Hyperrhiz 2
Loop/I Don't Fix A Word
Donna Kuhn
Citation: Kuhn, Donna. “Loop/I Don't Fix A Word.” Hyperrhiz: New Media Cultures, no. 2, 2006. doi:10.20415/hyp/002.g03
Abstract: Two videos by Donna Kuhn: Loop and I Don't Fix A Word.
Loop
Loop is my first loop video. There is something about the soothing nature of repetition I was drawn to. It was extracted from a longer video called Mini-Me which was an exploration of grief and the hope for transcendance through art I sought after the death of my twenty-year old son in a car accident last year. It is shot in black and white with a grainy film effect, stripped of an art slideshow, poetry onscreen and its' original soundtrack, which was replaced with sound effects. I have to keep moving, I have to keep dancing, even if it's only for a few seconds at a time, simple movement over and over again.

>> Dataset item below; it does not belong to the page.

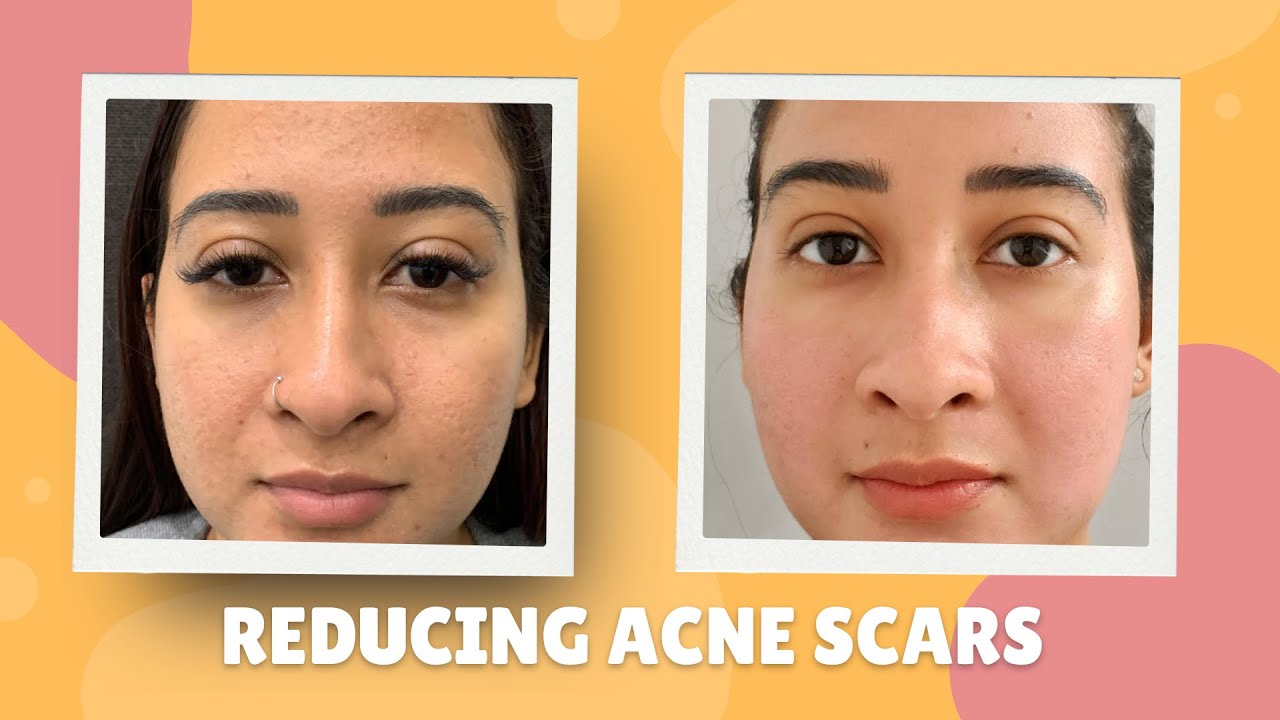 CHANGING LIVES BY REDUCING ACNE SCARS IN THIS HISPANIC PATIENT WITH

Moving through unfathomable pain.
I Don't Fix A Word
This video was based on a dream I had after watching the performance of my friend Jay Bloombeckers', called The Holy Holography of Kabbalistic Kloning. Jay was a worker's compensation attorney who was murdered by a disgruntled client in June. I watched in horror as the day of the funeral unfolded and I realized Jay was going to be buried next to my son. I decided I was going to take that dream poem and dance to it in honor of my close friend. I wanted it to be simple, just sound and dance and the poem read by the robots in my Mac computer, further altered in Garage Band. When I finished I felt I had found my video "voice," that I had been moving towards for more than two decades, with my interest in sound text poetry of the 80's resurfacing in speech and music sythesis. A vision I had which I could not name or even understand, coming out of anguish, combining all my competing restless art forms, to hopefully create beauty and healing. People say I am brave to do this but I don't feel necessity is brave. I was too scared to do nothing. I can't imagine what else I could've done.